BEGIN SUPPLIED INFORMATION

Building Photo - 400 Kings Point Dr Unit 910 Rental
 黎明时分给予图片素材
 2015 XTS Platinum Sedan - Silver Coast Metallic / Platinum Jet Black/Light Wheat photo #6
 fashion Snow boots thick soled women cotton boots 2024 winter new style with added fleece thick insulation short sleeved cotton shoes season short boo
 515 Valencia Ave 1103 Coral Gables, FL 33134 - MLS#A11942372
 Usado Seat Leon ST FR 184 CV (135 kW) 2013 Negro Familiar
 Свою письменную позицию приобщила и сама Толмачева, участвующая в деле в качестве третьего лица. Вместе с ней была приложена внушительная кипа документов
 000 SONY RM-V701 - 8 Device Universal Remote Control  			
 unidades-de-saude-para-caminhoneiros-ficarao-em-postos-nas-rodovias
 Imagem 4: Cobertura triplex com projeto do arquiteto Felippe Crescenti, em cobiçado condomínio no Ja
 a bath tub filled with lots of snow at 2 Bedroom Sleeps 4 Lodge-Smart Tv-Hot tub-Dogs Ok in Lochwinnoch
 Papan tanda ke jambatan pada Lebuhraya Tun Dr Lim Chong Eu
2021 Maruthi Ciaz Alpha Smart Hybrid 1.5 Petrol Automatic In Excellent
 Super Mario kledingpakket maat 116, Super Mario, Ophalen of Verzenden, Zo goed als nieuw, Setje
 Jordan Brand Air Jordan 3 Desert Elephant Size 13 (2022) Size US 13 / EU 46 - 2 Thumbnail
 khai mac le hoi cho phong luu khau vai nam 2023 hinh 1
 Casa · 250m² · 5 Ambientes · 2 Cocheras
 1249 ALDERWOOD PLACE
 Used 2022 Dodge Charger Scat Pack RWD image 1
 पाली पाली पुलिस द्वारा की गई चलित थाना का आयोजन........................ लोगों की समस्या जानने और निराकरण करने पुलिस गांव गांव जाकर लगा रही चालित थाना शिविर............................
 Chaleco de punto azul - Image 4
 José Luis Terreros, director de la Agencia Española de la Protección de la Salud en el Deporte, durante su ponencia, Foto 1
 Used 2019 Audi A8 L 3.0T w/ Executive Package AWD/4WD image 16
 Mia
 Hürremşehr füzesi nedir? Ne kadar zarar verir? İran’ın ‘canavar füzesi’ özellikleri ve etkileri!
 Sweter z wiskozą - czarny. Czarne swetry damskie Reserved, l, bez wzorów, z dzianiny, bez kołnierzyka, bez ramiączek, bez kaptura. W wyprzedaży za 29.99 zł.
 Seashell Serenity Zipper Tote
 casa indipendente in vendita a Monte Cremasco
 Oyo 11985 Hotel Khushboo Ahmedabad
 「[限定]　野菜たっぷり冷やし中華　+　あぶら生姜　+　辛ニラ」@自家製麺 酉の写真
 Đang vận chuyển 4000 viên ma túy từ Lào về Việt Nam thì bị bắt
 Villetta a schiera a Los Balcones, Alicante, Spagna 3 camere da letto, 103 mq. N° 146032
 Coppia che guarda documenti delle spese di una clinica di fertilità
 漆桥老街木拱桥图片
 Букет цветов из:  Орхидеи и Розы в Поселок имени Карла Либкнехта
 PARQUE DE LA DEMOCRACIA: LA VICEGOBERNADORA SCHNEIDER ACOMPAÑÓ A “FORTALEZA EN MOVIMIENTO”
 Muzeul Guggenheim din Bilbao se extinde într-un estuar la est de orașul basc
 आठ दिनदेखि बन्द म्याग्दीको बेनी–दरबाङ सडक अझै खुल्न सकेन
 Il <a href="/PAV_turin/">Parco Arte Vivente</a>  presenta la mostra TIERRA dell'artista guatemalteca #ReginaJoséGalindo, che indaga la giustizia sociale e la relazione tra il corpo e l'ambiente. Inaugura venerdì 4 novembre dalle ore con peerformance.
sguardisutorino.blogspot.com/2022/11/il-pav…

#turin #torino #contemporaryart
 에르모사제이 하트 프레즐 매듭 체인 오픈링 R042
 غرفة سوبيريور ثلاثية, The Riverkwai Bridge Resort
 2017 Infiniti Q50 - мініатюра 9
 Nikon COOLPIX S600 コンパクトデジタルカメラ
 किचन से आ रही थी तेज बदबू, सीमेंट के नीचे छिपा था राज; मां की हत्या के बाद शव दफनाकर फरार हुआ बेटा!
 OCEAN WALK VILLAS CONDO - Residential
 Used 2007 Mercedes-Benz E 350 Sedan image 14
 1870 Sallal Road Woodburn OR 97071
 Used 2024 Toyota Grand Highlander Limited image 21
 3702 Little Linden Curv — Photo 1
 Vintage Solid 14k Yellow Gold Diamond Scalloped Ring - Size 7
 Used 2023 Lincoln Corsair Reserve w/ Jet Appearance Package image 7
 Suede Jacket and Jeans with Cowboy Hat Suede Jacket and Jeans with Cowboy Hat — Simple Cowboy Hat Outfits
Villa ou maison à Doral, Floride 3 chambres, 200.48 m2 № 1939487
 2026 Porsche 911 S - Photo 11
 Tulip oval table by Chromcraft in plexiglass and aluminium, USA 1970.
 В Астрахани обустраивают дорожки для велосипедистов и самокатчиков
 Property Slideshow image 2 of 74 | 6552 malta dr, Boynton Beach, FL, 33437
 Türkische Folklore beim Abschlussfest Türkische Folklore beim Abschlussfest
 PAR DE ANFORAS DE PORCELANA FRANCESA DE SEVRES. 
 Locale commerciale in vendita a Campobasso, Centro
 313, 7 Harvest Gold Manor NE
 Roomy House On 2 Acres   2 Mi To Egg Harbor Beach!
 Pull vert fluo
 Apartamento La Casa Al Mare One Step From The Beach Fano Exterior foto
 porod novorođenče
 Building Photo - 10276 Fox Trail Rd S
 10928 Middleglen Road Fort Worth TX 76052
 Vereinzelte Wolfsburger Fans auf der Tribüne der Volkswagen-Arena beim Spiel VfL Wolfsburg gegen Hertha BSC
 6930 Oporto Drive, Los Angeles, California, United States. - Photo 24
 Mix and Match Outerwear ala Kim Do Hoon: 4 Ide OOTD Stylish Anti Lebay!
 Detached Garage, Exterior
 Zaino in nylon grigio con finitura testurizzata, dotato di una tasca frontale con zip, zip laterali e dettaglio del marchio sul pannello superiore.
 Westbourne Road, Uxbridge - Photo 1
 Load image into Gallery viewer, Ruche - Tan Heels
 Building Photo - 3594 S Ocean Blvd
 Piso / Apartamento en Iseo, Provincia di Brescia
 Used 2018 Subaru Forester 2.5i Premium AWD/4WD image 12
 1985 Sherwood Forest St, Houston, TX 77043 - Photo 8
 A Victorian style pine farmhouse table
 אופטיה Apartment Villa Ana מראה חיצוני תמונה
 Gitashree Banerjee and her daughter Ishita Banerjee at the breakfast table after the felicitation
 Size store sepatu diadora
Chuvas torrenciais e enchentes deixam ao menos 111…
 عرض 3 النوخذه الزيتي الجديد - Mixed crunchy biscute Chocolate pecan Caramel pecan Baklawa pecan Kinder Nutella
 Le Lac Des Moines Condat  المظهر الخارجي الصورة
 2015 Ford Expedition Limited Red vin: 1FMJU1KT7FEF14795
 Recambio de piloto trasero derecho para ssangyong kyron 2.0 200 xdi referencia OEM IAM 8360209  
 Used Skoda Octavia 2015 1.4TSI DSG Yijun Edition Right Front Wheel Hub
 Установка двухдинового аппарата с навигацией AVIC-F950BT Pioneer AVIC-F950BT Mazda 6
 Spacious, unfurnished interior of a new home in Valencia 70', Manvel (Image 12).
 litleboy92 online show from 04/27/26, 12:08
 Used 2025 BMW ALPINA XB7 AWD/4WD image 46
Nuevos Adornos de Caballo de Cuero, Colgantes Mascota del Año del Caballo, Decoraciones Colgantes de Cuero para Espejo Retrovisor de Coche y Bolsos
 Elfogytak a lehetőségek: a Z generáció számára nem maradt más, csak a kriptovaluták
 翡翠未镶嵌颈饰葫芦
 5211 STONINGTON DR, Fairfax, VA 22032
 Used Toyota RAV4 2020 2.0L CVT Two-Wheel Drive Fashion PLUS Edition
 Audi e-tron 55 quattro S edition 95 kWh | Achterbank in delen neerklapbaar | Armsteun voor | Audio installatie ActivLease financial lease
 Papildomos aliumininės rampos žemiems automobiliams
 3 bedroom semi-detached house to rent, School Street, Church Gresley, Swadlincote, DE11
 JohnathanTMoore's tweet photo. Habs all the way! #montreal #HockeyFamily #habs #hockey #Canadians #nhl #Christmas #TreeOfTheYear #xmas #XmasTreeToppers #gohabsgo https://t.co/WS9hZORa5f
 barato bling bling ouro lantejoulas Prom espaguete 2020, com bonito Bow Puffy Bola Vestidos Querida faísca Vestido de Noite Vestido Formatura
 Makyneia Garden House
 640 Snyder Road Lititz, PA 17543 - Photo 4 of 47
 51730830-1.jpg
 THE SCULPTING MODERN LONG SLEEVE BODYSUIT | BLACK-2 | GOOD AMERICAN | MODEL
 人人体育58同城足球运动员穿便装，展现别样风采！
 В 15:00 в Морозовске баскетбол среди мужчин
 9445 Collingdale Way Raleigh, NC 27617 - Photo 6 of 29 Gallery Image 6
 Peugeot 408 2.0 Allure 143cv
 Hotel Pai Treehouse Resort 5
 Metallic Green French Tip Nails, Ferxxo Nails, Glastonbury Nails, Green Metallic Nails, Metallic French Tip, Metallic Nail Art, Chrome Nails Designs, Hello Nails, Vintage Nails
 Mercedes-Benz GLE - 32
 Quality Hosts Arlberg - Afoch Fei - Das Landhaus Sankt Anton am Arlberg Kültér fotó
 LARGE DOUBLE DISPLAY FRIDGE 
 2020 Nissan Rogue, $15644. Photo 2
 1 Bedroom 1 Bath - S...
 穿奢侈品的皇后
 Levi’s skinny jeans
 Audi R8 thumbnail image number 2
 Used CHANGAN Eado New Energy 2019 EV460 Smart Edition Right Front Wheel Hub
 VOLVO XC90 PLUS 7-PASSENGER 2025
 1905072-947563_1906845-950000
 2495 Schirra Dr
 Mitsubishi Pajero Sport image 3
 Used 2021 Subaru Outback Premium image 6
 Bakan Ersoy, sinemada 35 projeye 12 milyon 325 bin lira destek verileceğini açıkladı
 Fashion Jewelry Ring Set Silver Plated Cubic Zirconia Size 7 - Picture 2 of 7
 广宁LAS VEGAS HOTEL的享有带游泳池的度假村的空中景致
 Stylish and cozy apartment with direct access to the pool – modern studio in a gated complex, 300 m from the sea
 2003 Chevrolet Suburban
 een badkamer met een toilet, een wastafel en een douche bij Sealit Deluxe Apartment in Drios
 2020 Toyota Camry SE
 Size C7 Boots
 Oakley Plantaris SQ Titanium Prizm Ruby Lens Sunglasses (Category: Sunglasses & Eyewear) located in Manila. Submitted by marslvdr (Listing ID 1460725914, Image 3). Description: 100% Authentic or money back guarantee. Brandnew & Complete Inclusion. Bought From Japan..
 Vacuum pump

END SUPPLIED INFORMATION

### WHAT THE TASK ASKS
In the listing above, find the line containing "PARQUE DE LA" and the line containing "Detached Garage, Exterior", then quote both, plus every line between them, exactly as written.

### FINAL ANSWER
 PARQUE DE LA DEMOCRACIA: LA VICEGOBERNADORA SCHNEIDER ACOMPAÑÓ A “FORTALEZA EN MOVIMIENTO”
 Muzeul Guggenheim din Bilbao se extinde într-un estuar la est de orașul basc
 आठ दिनदेखि बन्द म्याग्दीको बेनी–दरबाङ सडक अझै खुल्न सकेन
 Il <a href="/PAV_turin/">Parco Arte Vivente</a>  presenta la mostra TIERRA dell'artista guatemalteca #ReginaJoséGalindo, che indaga la giustizia sociale e la relazione tra il corpo e l'ambiente. Inaugura venerdì 4 novembre dalle ore con peerformance.
sguardisutorino.blogspot.com/2022/11/il-pav…

#turin #torino #contemporaryart
 에르모사제이 하트 프레즐 매듭 체인 오픈링 R042
 غرفة سوبيريور ثلاثية, The Riverkwai Bridge Resort
 2017 Infiniti Q50 - мініатюра 9
 Nikon COOLPIX S600 コンパクトデジタルカメラ
 किचन से आ रही थी तेज बदबू, सीमेंट के नीचे छिपा था राज; मां की हत्या के बाद शव दफनाकर फरार हुआ बेटा!
 OCEAN WALK VILLAS CONDO - Residential
 Used 2007 Mercedes-Benz E 350 Sedan image 14
 1870 Sallal Road Woodburn OR 97071
 Used 2024 Toyota Grand Highlander Limited image 21
 3702 Little Linden Curv — Photo 1
 Vintage Solid 14k Yellow Gold Diamond Scalloped Ring - Size 7
 Used 2023 Lincoln Corsair Reserve w/ Jet Appearance Package image 7
 Suede Jacket and Jeans with Cowboy Hat Suede Jacket and Jeans with Cowboy Hat — Simple Cowboy Hat Outfits
Villa ou maison à Doral, Floride 3 chambres, 200.48 m2 № 1939487
 2026 Porsche 911 S - Photo 11
 Tulip oval table by Chromcraft in plexiglass and aluminium, USA 1970.
 В Астрахани обустраивают дорожки для велосипедистов и самокатчиков
 Property Slideshow image 2 of 74 | 6552 malta dr, Boynton Beach, FL, 33437
 Türkische Folklore beim Abschlussfest Türkische Folklore beim Abschlussfest
 PAR DE ANFORAS DE PORCELANA FRANCESA DE SEVRES. 
 Locale commerciale in vendita a Campobasso, Centro
 313, 7 Harvest Gold Manor NE
 Roomy House On 2 Acres   2 Mi To Egg Harbor Beach!
 Pull vert fluo
 Apartamento La Casa Al Mare One Step From The Beach Fano Exterior foto
 porod novorođenče
 Building Photo - 10276 Fox Trail Rd S
 10928 Middleglen Road Fort Worth TX 76052
 Vereinzelte Wolfsburger Fans auf der Tribüne der Volkswagen-Arena beim Spiel VfL Wolfsburg gegen Hertha BSC
 6930 Oporto Drive, Los Angeles, California, United States. - Photo 24
 Mix and Match Outerwear ala Kim Do Hoon: 4 Ide OOTD Stylish Anti Lebay!
 Detached Garage, Exterior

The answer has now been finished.